I am seriously thinking about a website and a blog, but have never bothered with Twitter. And of course I contine to submit to publishers and add to my collection of rejection letters.


----------



## popsprocket (Sep 19, 2015)

Arthur G. Mustard said:


> I am seriously thinking about a website and a blog, but have never bothered with Twitter. And of course I contine to submit to publishers and add to my collection of rejection letters.



Blogs are huge business these days and can be great if you're able to build a following, but the catch is that you have to take them pretty seriously to get anywhere. Content needs to be high quality and regular, possibly posted to a schedule, and also interesting... and preferably with some SEO going on.


----------



## Arthur G. Mustard (Sep 19, 2015)

Thanks for the advice Popsprocket, I`ll certainly give it a go.


----------



## TKent (Sep 20, 2015)

That is a very interesting idea on the postcards! I had not thought of that. Yes, as an author, I am a terrible blogger. Maybe once every 6 months I'll post something. But for others who do this regularly, like InstituteMan, if the content is interesting, engaging, and/or useful, I am pretty sure it can help in a lot of ways.



Arthur G. Mustard said:


> I think this is always a tough one and can often be a case of "What works for you". I am currently using amazon for my ebooks and have an author page there. I also use Facebook to promote, which brings mixed success. Vistaprint has been useful, as I have designed a variety of postcards incorporating my book covers; these have been displayed in libraries, bookshops and other shops.
> 
> I am seriously thinking about a website and a blog, but have never bothered with Twitter. And of course I contine to submit to publishers and add to my collection of rejection letters.


----------



## Arthur G. Mustard (Sep 20, 2015)

Looks like blogging is the way! The postcard idea is not a bad one and inexpensive; if they fail you can either stick them on your fridge for inspiration or post them to your friends whilst on holiday,  lol.  

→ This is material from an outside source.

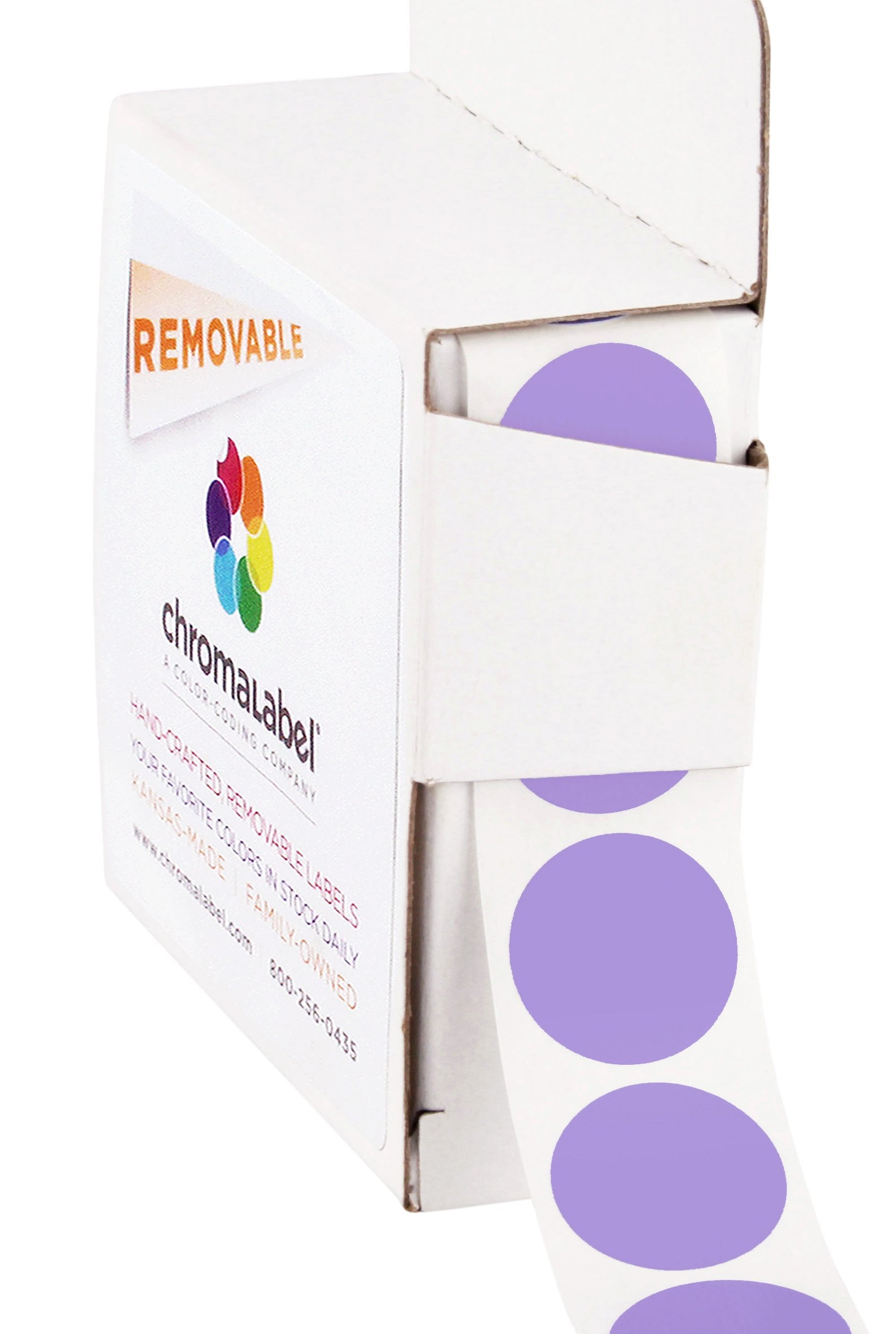 Chromalabel 0.75 Inch Round Label Removable Color Code Dot Stickers, 1000 Labels Per Dispenser Box, Lavender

Blogging is on the list and I'll be posting a new thread in a couple of weeks to gather people's thoughts and ideas.


----------



## TKent (Sep 21, 2015)

Great! I look forward to it!


----------



## LeeC (Sep 21, 2015)

Watching this thread with interest, thanks TK. I've never been much interested in blogging or social media, but I've had a site for about a decade with a natural world theme. I get healthy visitor spikes when I occasionally add a piece (I suppose through interested parties using the RSS feed), but in-between not so much. 

Anyway, if "propositioning" agents and publishers doesn't work out, I've built an ePub version of my book to self publish. Dread the possibility though, as I'm more the observer than the in-your-face type, not shy but reserved ;-)


----------



## InstituteMan (Sep 21, 2015)

Blogging is what I do best, at least in theory. When life let's me post daily, I actually have readers according to my analytics. The first catch is that you have to post frequently. The second catch is at people reading your blog converts to sales at a low rate. The third catch is that you have to have something to sell to use a blog to drive sales. 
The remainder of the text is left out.